Mr. Blinder said that the economy seemed "substantially worse" than it did three months ago — and that Mr. Bernanke had acknowledged the deterioration, cautiously.
The Obama administration is looking to the Fed to do more to spur the recovery, since its own options are few, given the political paralysis in Congress as midterm elections approach.
Mr. Bernanke avoided wading into the rancorous political debates over fiscal policy, instead focusing on the two objectives that form the Fed's legal mandate: price stability and maximum employment.
Inflation has been running well below the Fed's unofficial target rate of 1.5 to 2 percent. While conceding that inflation had fallen "slightly below" the desirable level, Mr. Bernanke said
deflation was "not a significant risk" right now. He said the Fed would "strongly resist deviations from price stability in the downward direction."
Mr. Bernanke predicted the economy would continue to grow the rest of this year, "albeit at a relatively modest pace." He said the "preconditions for a pickup of growth in 2011 appear to remain in place," as banks increase lending, worries over the European sovereign debt crisis abate and consumers save more.
Strikingly, Mr. Bernanke acknowledged that the traditional tradeoff between inflation and employment had become all but obsolete, at least for now. "There is little or no potential conflict between the goals of supporting growth and employment and of maintaining price stability," he said.

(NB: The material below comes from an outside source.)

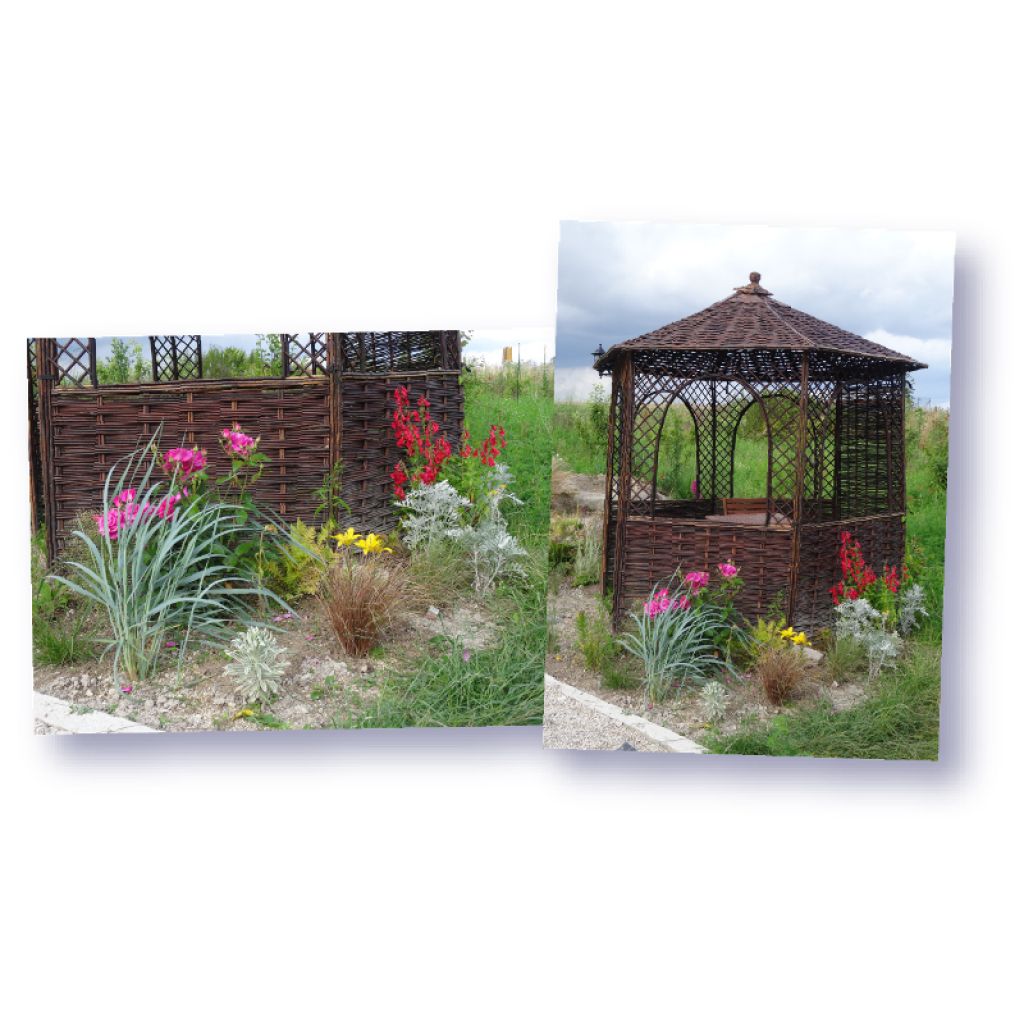 Leymus arenarius - Zandhaver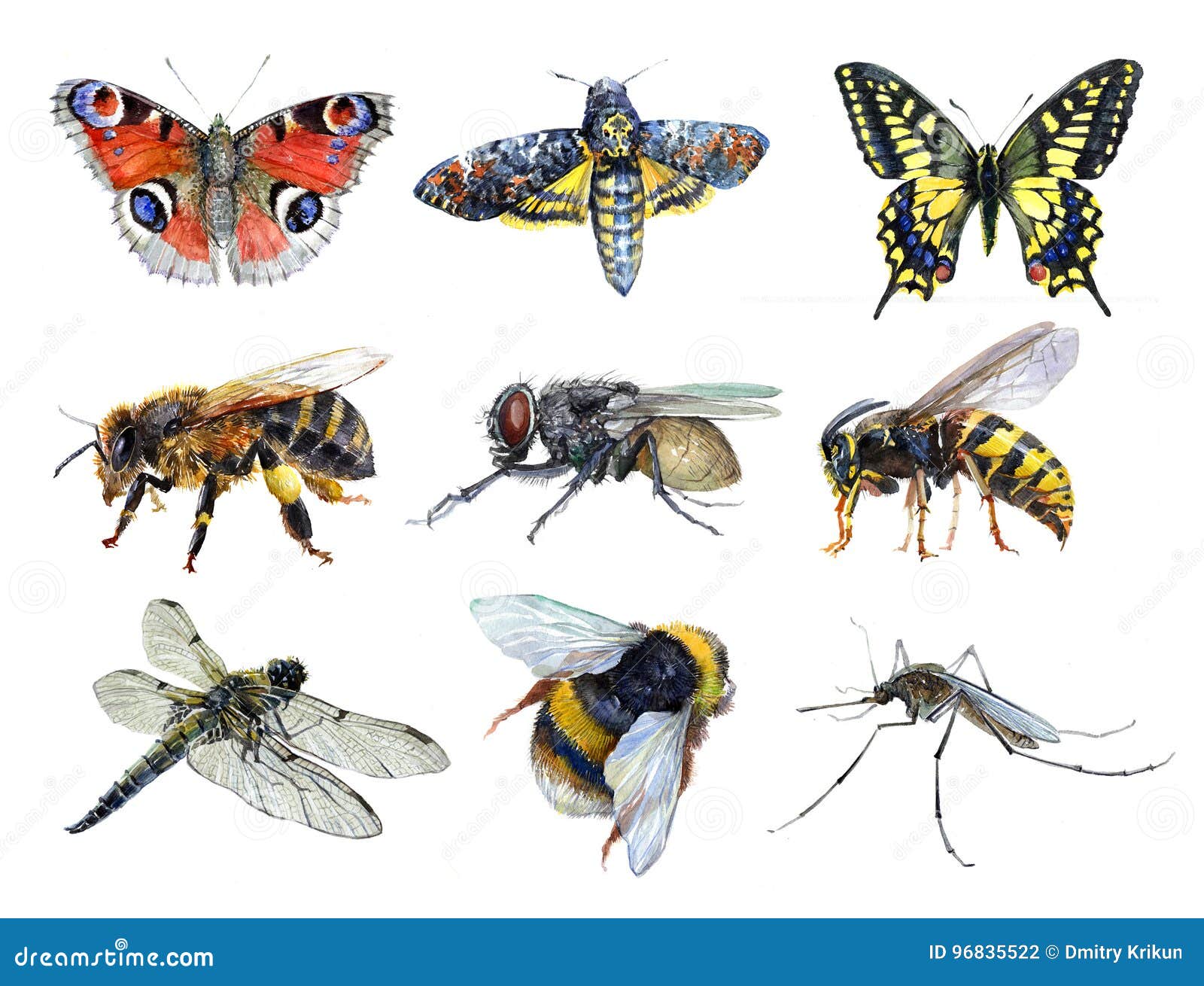 watercolor set of insect animals wasp, moth, mosquito, machaon, fly, dragonfly, bumblebee, bee, butterfly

Mr. Bernanke explained in detail the Fed's decision to use money from its mortgage bonds to buy government debt. The Fed has gobbled up $1.25 trillion in mortgage-backed securities and $175 billion in debts owed by
Fannie Mae and other government entities — a major reason mortgage rates are at historic lows.
So far, the Fed has received about $140 billion through repayments of the principal on its holdings of those debts. An additional $400 billion or so could be repaid by the end of 2011. If the Fed had not taken the step it did, the central bank's balance sheet would have gradually shrunk, which would amount to a passive tightening of monetary policy — what Mr. Bernanke called "a perverse outcome."
He said the Fed's purchases of longer-term securities had helped bring down long-term interest rates and lower the cost of borrowing, contributing to the modest recovery that began in the spring of 2009.
However, such purchases seemed to be most effective in times of financial stress, and additional purchases would further complicate the Fed's future "exit strategy" when the time came to return to normal monetary policy, he said.
The Fed has said since March 2009 that "exceptionally low" levels of the fed funds rate, the benchmark short-term interest rate, would be warranted for "an extended period." The Fed could try to lengthen those expectations, as central banks in Canada and Japan have tried. But Mr. Bernanke cautioned that the Fed might find it "difficult to convey the committee's policy intentions with sufficient precision and conditionality."
The Fed currently pays 0.25 percent interest on excess reserves that banks keep at the Fed. But Mr. Bernanke said that slashing that rate even to zero might do no more than lower the fed funds rate by another 0.10 to 0.15 percentage points. He said doing so would harm the liquidity of short-term money markets.
Mr. Bernanke said he saw "no support" on the committee for setting a higher inflation target, as some economists have suggested. He called the strategy "inappropriate for the United States in current circumstances."